■ Work instructions
Print nothing but the lines below starting at the line that holds "La Basilique de" and ending at the line that holds "Belgian Malinois Dog", including both, each exactly as written.

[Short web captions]
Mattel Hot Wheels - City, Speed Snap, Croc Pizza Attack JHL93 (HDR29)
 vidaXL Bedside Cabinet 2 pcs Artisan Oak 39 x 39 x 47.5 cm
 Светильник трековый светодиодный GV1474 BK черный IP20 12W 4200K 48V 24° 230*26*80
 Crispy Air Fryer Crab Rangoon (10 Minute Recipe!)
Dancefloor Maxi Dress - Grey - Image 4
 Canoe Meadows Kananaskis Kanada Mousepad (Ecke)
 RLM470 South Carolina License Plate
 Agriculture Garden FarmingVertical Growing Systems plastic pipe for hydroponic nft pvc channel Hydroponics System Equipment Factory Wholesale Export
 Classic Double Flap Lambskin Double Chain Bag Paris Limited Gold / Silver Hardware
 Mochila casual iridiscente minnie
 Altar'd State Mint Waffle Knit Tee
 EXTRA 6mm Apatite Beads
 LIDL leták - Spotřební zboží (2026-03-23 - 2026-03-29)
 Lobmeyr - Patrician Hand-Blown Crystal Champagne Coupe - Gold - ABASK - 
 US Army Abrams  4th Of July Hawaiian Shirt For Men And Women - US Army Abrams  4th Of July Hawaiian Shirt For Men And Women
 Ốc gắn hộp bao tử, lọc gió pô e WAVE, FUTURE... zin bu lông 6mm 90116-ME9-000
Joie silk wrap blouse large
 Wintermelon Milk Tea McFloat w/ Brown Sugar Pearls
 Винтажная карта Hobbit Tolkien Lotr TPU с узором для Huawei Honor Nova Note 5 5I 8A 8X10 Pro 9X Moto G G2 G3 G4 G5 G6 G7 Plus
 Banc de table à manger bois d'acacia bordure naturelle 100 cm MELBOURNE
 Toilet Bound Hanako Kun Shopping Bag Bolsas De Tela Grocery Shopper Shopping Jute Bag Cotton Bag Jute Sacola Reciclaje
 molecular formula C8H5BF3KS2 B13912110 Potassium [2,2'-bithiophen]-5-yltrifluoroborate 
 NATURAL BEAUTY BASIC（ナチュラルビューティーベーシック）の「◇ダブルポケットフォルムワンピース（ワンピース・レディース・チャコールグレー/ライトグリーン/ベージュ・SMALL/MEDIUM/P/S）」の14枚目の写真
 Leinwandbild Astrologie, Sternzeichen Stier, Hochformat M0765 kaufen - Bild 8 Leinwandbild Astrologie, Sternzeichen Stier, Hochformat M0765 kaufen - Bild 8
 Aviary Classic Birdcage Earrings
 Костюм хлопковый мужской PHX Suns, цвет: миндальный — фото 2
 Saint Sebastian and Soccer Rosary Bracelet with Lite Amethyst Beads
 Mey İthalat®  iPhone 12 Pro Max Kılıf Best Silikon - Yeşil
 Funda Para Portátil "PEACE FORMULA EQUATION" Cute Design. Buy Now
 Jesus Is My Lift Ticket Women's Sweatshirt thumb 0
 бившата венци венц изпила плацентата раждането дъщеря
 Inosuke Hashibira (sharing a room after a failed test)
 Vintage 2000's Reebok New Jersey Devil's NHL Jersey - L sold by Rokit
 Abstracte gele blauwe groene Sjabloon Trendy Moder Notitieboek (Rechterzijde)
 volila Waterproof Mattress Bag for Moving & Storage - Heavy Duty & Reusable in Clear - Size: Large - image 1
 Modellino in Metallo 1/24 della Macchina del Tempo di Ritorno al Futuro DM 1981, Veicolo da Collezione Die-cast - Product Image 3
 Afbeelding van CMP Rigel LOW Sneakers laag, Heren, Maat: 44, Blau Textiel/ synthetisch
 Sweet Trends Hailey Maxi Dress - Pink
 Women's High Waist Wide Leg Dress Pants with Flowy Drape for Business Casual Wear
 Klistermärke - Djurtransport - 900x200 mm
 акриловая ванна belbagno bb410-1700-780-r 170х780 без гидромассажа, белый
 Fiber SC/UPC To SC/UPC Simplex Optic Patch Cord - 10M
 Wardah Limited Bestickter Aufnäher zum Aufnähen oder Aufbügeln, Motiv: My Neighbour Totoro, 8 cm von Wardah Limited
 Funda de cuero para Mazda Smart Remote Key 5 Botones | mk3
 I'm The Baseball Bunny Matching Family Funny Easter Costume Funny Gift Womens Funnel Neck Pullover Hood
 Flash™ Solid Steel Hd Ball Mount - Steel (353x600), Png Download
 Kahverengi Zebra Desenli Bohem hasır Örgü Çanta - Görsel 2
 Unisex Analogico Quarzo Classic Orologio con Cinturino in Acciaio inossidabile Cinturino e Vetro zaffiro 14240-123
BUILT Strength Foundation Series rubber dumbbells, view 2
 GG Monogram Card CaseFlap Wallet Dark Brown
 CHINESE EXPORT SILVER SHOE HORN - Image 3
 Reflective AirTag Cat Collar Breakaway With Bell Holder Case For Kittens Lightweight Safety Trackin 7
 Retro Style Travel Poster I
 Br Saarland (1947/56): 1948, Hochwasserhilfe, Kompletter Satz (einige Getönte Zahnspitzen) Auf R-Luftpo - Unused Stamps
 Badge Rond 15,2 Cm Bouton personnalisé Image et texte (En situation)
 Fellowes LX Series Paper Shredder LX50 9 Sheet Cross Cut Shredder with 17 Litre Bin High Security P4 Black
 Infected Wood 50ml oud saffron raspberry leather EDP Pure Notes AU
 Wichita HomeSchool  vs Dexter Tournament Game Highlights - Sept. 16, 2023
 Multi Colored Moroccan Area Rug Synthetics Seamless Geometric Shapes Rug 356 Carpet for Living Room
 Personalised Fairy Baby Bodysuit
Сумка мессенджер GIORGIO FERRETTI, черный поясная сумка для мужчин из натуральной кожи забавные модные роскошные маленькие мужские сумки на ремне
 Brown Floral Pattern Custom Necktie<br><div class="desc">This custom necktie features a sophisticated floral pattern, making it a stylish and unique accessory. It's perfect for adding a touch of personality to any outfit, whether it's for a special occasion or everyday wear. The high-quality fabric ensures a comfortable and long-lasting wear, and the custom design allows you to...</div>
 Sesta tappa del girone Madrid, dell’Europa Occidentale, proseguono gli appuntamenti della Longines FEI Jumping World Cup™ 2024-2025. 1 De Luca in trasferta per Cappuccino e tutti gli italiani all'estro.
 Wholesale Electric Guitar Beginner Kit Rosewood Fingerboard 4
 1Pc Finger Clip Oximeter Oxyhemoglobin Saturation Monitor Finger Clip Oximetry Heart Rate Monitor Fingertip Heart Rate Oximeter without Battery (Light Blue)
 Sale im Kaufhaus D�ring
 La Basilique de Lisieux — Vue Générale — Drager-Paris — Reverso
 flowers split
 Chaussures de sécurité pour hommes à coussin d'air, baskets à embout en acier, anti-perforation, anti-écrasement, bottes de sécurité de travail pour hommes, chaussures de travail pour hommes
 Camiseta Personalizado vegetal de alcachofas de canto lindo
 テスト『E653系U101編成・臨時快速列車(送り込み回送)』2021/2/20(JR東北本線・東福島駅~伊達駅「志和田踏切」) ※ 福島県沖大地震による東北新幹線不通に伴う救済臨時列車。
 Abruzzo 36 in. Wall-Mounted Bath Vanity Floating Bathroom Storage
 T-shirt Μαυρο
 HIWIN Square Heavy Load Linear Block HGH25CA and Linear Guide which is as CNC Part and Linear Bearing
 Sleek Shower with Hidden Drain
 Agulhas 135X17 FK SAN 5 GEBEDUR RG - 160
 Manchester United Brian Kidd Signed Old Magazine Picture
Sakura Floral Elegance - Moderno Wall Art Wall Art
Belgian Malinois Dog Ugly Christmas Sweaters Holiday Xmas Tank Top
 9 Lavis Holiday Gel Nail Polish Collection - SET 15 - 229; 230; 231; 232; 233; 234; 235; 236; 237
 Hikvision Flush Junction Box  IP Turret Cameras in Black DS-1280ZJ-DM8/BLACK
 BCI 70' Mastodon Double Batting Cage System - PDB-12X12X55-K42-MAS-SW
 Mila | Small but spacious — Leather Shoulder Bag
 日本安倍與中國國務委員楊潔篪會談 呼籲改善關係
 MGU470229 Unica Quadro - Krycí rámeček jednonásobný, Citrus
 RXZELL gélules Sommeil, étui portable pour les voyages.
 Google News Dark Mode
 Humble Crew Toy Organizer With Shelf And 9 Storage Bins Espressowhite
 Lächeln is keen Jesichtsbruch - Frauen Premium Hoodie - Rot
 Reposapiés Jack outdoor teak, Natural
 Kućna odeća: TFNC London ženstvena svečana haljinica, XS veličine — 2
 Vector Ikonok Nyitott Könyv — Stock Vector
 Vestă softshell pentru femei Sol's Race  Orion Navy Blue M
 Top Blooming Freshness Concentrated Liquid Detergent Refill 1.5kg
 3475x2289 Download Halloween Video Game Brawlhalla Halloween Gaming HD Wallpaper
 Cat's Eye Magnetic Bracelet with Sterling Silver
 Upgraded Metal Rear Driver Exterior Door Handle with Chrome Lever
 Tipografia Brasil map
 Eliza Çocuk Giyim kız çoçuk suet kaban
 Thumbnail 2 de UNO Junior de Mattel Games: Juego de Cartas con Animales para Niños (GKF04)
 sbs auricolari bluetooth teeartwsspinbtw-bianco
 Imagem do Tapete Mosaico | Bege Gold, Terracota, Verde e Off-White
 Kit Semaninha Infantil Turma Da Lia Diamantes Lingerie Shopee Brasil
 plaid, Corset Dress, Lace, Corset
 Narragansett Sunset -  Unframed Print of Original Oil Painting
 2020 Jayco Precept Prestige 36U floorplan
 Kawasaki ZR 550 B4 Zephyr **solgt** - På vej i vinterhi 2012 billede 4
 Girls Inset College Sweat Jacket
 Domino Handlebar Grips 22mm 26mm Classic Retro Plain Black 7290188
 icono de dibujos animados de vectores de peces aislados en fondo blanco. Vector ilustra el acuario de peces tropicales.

■ Written reply
 La Basilique de Lisieux — Vue Générale — Drager-Paris — Reverso
 flowers split
 Chaussures de sécurité pour hommes à coussin d'air, baskets à embout en acier, anti-perforation, anti-écrasement, bottes de sécurité de travail pour hommes, chaussures de travail pour hommes
 Camiseta Personalizado vegetal de alcachofas de canto lindo
 テスト『E653系U101編成・臨時快速列車(送り込み回送)』2021/2/20(JR東北本線・東福島駅~伊達駅「志和田踏切」) ※ 福島県沖大地震による東北新幹線不通に伴う救済臨時列車。
 Abruzzo 36 in. Wall-Mounted Bath Vanity Floating Bathroom Storage
 T-shirt Μαυρο
 HIWIN Square Heavy Load Linear Block HGH25CA and Linear Guide which is as CNC Part and Linear Bearing
 Sleek Shower with Hidden Drain
 Agulhas 135X17 FK SAN 5 GEBEDUR RG - 160
 Manchester United Brian Kidd Signed Old Magazine Picture
Sakura Floral Elegance - Moderno Wall Art Wall Art
Belgian Malinois Dog Ugly Christmas Sweaters Holiday Xmas Tank Top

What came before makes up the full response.